Extracted records
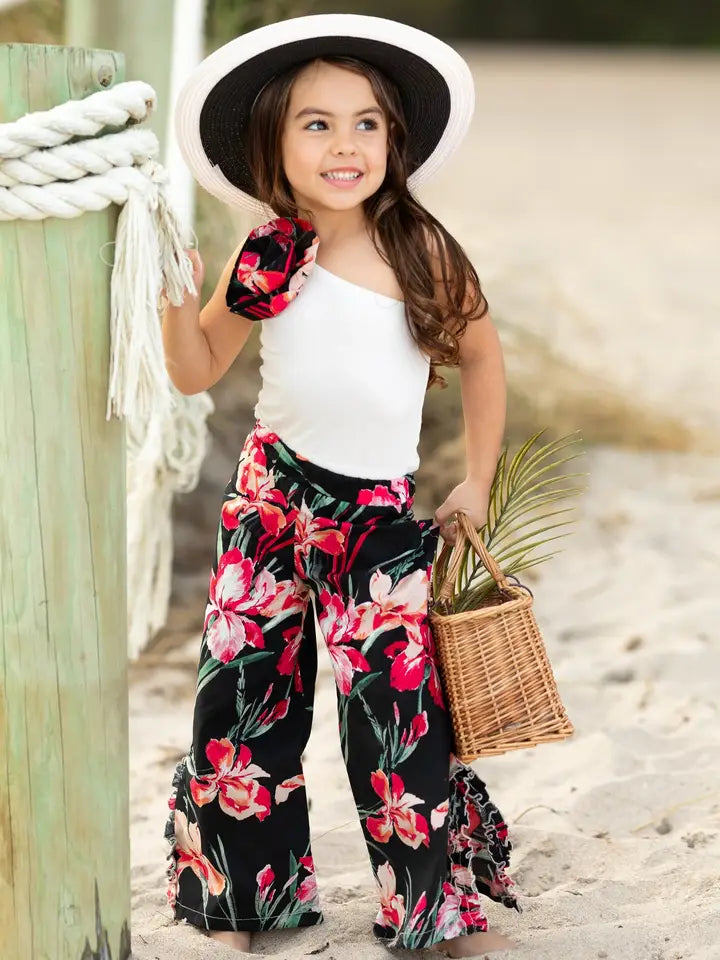 Girls Sweet Blooms One Shoulder Floral Palazzo Pants Set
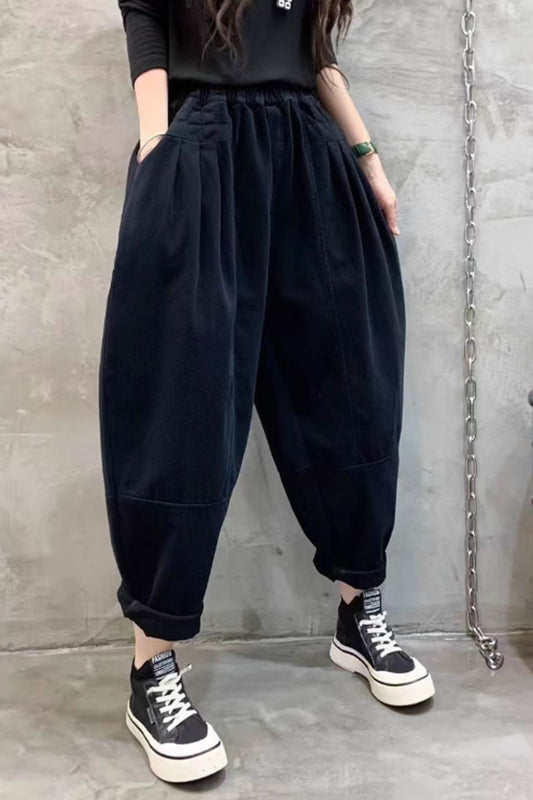 Plus size cotton blend pants for women C3816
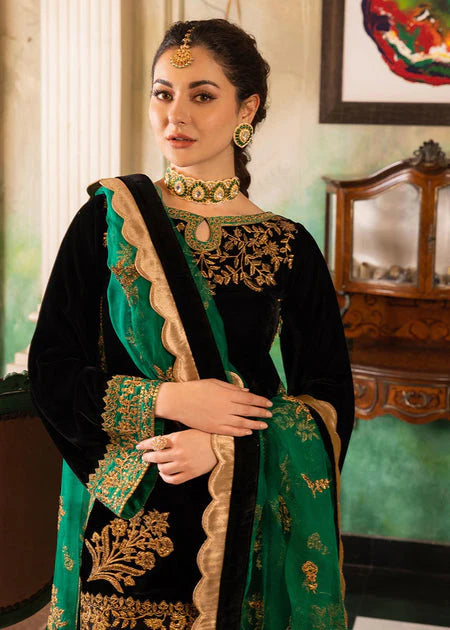 3PCS Embroidered Velvet Suit Embroidered Organza Dupatta Velvet Winter Collection 953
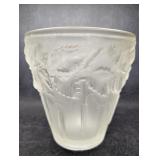 Art Deco Barolac Frosted Glass Vase Birch Leaves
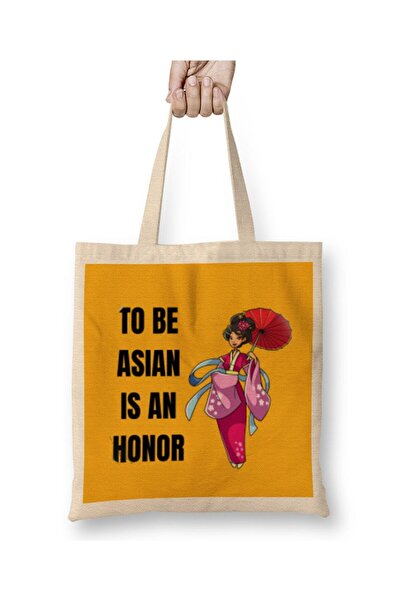 dekado TO BE ASIAN IS AN HONOR Stop Asian Hate Tote Bag Long Handle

[Task requirements] Could you return each line, unchanged, from the line containing "Art Deco Barolac" through the last line of the entries above, leaving out the pictures?

[Response]
 Art Deco Barolac Frosted Glass Vase Birch Leaves
 dekado TO BE ASIAN IS AN HONOR Stop Asian Hate Tote Bag Long Handle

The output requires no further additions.